### MATERIAL SUPPLIED
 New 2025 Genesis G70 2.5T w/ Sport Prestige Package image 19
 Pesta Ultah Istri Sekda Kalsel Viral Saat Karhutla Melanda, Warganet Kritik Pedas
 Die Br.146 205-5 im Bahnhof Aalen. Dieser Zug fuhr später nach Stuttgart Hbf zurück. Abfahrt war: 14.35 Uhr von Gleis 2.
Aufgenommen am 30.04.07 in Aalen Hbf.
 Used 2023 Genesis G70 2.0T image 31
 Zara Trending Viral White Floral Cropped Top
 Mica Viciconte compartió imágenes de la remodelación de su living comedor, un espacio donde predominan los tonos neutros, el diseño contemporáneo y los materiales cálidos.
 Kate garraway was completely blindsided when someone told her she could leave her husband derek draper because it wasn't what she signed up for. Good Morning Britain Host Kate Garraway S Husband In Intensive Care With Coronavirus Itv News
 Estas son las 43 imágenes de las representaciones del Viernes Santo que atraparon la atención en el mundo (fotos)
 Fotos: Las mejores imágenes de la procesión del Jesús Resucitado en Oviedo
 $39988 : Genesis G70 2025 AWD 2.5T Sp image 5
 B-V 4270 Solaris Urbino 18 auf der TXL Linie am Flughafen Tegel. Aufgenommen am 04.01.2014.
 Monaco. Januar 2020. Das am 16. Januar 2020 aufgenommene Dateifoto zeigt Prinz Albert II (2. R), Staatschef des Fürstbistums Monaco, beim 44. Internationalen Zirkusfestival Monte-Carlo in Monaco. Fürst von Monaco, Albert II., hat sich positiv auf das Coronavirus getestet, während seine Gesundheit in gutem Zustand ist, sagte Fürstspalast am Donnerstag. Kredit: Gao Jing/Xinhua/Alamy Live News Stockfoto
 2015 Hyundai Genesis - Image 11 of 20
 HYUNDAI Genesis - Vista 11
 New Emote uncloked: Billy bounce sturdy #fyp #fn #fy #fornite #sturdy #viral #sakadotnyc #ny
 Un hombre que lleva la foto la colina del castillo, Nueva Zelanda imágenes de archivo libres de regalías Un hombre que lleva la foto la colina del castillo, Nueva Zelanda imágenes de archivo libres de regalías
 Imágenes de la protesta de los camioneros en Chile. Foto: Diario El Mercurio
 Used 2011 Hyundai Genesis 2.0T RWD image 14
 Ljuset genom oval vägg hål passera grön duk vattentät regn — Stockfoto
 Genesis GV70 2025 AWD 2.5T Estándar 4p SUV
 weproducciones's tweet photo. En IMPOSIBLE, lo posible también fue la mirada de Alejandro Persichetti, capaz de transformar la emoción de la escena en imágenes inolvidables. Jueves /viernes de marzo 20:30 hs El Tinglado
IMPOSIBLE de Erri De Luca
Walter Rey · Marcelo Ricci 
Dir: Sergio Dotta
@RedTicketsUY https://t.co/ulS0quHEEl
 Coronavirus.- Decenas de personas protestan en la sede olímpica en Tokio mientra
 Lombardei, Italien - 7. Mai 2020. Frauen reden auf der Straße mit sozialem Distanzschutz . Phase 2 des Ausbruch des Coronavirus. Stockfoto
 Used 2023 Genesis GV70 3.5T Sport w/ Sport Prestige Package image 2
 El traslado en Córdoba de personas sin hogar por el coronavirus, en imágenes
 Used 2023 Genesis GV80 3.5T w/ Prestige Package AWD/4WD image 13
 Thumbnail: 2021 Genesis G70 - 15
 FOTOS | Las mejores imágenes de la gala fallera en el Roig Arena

### WORK REQUEST
Read each line of the material, and wherever the word "Aalen" turns up, copy that line.

### OUTPUT OF THE TASK
 Die Br.146 205-5 im Bahnhof Aalen. Dieser Zug fuhr später nach Stuttgart Hbf zurück. Abfahrt war: 14.35 Uhr von Gleis 2.
Aufgenommen am 30.04.07 in Aalen Hbf.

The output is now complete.